As a suggestion in response to my previous post, I was told to try making a list of traits I do want and admire instead of the ones I can’t stand (perhaps I did come off rather negative). But the thing is, I can’t.
I don’t believe in those kinds of checklists because I don’t know exactly what I want, and more importantly, what I need. No one does because there are so many people out there and so many nuances to every person, making it impossible to try out every type. Any traits I could come up with would be stereotypical, stock, and bland (i.e. honest, loyal, kind, attractive, smart, etc.). We shouldn’t be looking for perfect people to fit into set criteria. We should be looking for people who are compatible with us individually. None of us can be certain of what kind of person that is. Every individual and every relationship is unpredictable.
I had a checklist once. I was looking for a musical-writer kind of guy. An introvert, sensitive, openly passionate person– someone cheesy who would read me poetry, and whom I could sing love duets with. I wanted the kind of romantic artist I had admired in books and movies. And I have met some guys who fit this description quite well.

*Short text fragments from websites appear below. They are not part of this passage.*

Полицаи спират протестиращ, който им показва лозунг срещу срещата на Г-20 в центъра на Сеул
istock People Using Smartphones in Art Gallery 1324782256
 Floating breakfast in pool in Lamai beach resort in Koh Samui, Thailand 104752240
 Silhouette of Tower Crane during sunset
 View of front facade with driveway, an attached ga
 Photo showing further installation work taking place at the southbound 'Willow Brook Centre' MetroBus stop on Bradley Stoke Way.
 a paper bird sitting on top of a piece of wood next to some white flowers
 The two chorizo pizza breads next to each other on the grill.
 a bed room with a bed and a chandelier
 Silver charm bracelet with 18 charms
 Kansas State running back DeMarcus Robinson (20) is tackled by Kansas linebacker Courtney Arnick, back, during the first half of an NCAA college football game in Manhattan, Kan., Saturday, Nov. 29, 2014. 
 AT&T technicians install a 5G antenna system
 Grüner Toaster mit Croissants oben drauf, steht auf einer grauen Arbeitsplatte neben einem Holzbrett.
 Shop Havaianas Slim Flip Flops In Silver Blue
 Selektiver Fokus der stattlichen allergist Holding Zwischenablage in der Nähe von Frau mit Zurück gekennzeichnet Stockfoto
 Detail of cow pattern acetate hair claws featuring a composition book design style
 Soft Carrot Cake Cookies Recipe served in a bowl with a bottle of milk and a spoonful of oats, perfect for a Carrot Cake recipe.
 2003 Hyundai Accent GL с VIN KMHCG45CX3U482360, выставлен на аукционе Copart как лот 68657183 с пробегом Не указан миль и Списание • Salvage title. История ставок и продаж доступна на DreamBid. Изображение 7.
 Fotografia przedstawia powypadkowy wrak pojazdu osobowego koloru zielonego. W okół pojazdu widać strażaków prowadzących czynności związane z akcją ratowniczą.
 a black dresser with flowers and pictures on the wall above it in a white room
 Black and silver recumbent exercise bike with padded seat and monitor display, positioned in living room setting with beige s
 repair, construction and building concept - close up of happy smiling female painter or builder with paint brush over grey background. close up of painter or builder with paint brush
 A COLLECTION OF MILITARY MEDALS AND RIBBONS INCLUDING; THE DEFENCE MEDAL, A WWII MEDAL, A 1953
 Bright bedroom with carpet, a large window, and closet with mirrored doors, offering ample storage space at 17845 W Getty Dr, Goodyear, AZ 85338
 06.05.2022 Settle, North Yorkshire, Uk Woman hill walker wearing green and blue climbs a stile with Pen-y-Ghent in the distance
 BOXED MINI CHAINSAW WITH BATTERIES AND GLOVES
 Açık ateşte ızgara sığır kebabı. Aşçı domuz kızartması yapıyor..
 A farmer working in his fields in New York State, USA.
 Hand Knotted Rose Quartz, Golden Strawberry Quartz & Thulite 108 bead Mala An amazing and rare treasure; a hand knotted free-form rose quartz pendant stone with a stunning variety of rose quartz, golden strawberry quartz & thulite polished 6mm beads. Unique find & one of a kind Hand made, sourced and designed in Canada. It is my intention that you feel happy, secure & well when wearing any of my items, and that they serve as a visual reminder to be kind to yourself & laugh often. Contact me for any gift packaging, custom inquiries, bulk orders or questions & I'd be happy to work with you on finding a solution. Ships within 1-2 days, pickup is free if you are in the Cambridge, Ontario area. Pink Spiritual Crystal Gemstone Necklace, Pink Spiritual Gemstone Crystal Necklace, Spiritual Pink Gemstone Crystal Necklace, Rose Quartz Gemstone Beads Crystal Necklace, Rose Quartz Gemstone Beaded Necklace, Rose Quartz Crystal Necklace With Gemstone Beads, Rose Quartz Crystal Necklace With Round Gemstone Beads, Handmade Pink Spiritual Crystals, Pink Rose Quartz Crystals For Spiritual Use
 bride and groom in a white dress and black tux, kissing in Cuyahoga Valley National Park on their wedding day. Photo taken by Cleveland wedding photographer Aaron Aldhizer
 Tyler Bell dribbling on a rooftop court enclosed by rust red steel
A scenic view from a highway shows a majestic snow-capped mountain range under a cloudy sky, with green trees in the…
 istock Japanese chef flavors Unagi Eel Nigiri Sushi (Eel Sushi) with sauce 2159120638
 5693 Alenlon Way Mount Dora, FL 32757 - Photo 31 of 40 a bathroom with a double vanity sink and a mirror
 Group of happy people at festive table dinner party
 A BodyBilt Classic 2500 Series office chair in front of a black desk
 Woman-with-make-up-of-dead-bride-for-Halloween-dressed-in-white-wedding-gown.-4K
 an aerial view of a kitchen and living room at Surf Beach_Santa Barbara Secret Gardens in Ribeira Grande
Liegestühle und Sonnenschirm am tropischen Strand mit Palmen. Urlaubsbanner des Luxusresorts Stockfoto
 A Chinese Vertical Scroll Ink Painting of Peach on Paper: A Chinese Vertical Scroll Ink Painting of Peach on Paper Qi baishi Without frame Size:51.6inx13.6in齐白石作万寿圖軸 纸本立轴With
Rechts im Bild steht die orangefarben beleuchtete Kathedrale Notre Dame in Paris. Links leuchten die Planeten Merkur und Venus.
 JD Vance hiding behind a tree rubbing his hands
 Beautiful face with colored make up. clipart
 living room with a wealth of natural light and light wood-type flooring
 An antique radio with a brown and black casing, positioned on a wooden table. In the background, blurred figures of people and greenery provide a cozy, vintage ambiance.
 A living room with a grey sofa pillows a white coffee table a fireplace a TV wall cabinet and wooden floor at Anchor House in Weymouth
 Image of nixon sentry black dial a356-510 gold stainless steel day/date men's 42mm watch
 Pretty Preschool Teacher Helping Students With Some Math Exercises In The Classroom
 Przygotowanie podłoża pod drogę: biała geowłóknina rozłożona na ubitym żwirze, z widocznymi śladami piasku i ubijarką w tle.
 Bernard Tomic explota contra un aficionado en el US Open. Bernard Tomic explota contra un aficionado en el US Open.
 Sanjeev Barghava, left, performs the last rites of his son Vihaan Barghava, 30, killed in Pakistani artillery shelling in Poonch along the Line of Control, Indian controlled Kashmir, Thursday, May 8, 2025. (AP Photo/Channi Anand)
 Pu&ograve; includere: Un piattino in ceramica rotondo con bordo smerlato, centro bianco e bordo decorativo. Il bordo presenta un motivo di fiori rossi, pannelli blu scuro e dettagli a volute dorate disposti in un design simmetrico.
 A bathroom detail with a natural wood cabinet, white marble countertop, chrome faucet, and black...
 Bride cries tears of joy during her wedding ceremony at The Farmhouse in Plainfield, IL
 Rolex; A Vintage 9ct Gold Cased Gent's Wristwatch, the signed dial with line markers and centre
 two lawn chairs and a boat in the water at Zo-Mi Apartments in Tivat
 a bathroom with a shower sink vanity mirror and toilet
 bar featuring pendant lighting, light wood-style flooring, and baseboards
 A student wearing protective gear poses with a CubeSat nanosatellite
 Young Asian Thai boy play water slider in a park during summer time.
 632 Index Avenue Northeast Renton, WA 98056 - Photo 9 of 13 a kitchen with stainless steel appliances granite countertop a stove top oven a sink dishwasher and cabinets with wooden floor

Despite that, the person I ended up falling for is a realist and a thinker. He is much more extroverted than I am, has little musical talent, and even less interest in reading or writing fiction. He has a lot of interest in sports, politics, and history, which are not exactly my first topics of choice. And yet, we work. We complement each other perfectly. Of course, that is due to a a few other crucial factors, but it just goes to show that no one knows what they really want and need. Compatibility is so much more than common interests and a nice personality. And while we can try to define basic factors contributing to successful relationships in general terms, it is impossible to get any more personal.
My list of personal deal-breakers are my most basic standards. They are the traits I know cross the line for me. But beyond that, there is no limit. There are no rules to love. There is no telling what direction people can take us, so options should always be open.